Живут тетки сжато, скупо, испуганно. Могли бы быть людьми Достоевского, если бы разрешили себе думать и говорить о себе, но они молчат, запретив себе думать и жаловаться; поэтому они люди Баранцевича.[6] Они лежат на дне города, как на складе лежат неидущие книги, навек сжатые грузом других изданий; лежат, желтея. Рано ложились спать в холодные постели, на пожелтевшие простыни.

Бабушка топила редко, скупо отодвигая две черные вьюшки в их гнезде, неохотно открывала форточку на темный двор, чтобы не выпустить тепло. Вздыхала, вспоминая о Смольном с казенными дровами, и еще у́же сдвигала щель вьюшек, почти обжигая руку. Не голодала, но ела осторожно, считая деньги и куски так, как умирающий считает часы жизни.

Эмилия Петровна

Первая книжка, которую мне подарили, называлась «Шалуны и шалунишки». Она в розовом переплете, с наклеенной круглой цветной картинкой. Рассказывалось, как мальчик разбился, поехав на большом велосипеде. Большой велосипед – вещь фантастическая: его переднее колесо было в рост человека, а заднее – в четверть метра.

Человек сидел наверху.

Эти велосипеды и тогда исчезли уже лет двадцать, но в книжке они еще оставались. В книжке уговаривали не делать того, чего нельзя было уже сделать. Стихи такие:

На большом велосипеде
Быстро ездить так опасно,
Говорил папаша Феде,
Говорил, но все напрасно.

Эту книжку хорошо помню: по ней научился читать.

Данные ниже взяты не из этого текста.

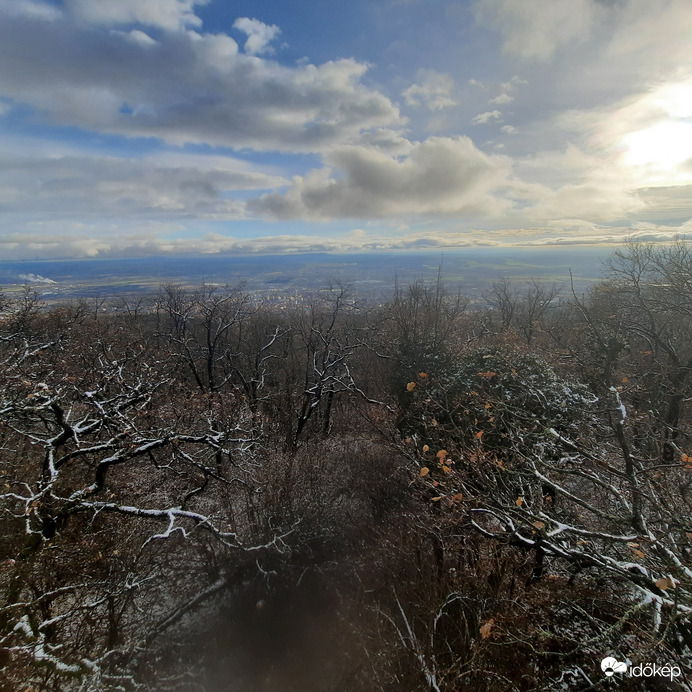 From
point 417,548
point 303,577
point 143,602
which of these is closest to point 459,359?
point 417,548

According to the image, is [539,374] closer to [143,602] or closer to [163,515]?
[163,515]

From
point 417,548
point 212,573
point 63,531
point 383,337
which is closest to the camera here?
point 63,531

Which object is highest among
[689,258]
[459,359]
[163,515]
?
[689,258]

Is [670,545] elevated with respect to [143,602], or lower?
elevated

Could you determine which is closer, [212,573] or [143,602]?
[143,602]

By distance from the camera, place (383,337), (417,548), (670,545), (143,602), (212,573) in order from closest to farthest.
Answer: (670,545) → (417,548) → (143,602) → (212,573) → (383,337)

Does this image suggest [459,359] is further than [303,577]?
Yes

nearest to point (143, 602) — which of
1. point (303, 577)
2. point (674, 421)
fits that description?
point (303, 577)

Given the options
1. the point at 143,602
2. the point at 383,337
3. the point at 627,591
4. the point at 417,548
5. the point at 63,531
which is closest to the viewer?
the point at 627,591

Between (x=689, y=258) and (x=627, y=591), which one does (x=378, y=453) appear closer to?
(x=627, y=591) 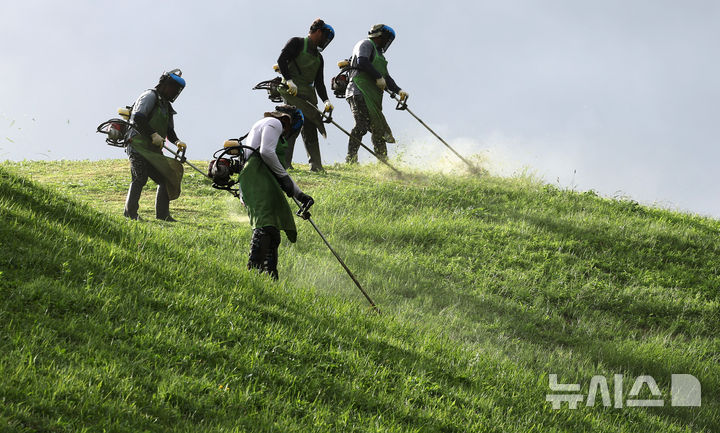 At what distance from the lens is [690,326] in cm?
839

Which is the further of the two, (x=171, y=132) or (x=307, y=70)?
(x=307, y=70)

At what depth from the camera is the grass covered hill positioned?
4.30 m

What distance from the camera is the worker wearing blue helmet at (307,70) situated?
12242mm

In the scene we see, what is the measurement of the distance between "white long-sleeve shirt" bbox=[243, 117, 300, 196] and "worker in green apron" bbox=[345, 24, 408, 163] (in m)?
6.15

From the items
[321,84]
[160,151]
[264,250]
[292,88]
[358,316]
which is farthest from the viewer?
[321,84]

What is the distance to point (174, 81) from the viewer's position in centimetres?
996

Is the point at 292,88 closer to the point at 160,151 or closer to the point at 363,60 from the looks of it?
the point at 363,60

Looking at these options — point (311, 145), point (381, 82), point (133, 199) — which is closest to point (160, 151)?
point (133, 199)

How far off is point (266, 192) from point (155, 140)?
377 centimetres

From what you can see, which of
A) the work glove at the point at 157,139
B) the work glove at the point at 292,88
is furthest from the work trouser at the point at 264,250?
the work glove at the point at 292,88

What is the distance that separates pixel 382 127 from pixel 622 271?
5.84 m

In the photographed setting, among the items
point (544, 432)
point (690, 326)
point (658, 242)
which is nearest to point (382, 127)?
point (658, 242)

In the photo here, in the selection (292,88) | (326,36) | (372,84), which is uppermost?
(326,36)

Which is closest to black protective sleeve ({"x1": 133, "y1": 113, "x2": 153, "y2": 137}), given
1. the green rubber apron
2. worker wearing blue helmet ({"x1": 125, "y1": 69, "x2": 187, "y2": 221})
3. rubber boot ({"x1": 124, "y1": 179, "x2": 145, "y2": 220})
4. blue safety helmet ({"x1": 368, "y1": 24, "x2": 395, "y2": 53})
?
worker wearing blue helmet ({"x1": 125, "y1": 69, "x2": 187, "y2": 221})
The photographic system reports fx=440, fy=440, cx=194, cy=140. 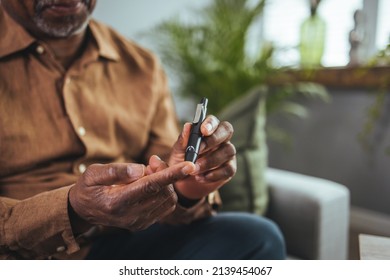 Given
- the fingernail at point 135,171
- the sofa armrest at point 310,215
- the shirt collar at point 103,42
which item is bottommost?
the sofa armrest at point 310,215

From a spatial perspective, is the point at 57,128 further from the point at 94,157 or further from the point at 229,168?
the point at 229,168

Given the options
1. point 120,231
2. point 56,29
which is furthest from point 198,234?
point 56,29

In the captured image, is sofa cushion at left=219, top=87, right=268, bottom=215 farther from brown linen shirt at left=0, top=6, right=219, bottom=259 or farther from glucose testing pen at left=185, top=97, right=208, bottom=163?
glucose testing pen at left=185, top=97, right=208, bottom=163

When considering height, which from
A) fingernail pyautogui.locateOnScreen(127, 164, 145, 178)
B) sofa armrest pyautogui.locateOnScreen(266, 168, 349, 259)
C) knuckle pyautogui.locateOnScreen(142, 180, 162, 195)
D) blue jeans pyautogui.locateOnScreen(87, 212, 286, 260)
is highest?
fingernail pyautogui.locateOnScreen(127, 164, 145, 178)

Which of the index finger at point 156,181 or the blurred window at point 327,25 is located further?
the blurred window at point 327,25

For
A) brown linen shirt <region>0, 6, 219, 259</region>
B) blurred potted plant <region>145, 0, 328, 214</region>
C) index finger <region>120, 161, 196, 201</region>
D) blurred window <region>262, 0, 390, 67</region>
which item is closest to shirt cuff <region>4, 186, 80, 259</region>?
brown linen shirt <region>0, 6, 219, 259</region>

Азбуку узнал раньше, по деревянным кубикам с обглоданными углами. Игрушки младшего сына всегда ношеные. Мир открыла мне бонна Эмилия Петровна, она любила читать вслух, – может быть, потому, что книгу все же интереснее читать, чем вытирать пыль и кроить кофты из бумазеи, которой недостает, и вставлять клинья из обрезков.

Появилась Эмилия Петровна из города Нарвы. Бонн выбирали по объявлениям. Объявления бонн и кухарок занимали в «Новом времени» целые страницы. Много было встречных объявлений. Были формулы объявлений от хозяев: ищут бонну к таким-то детям, «без претензий». Претензия – слово солдатское. Это жалоба перед строем при начальстве на начальство. Жить без претензий значило вставать до свету, не иметь свободного времени и отдельного угла, помогать кроить, шить, убирать, не отвечать, когда тебя ругают.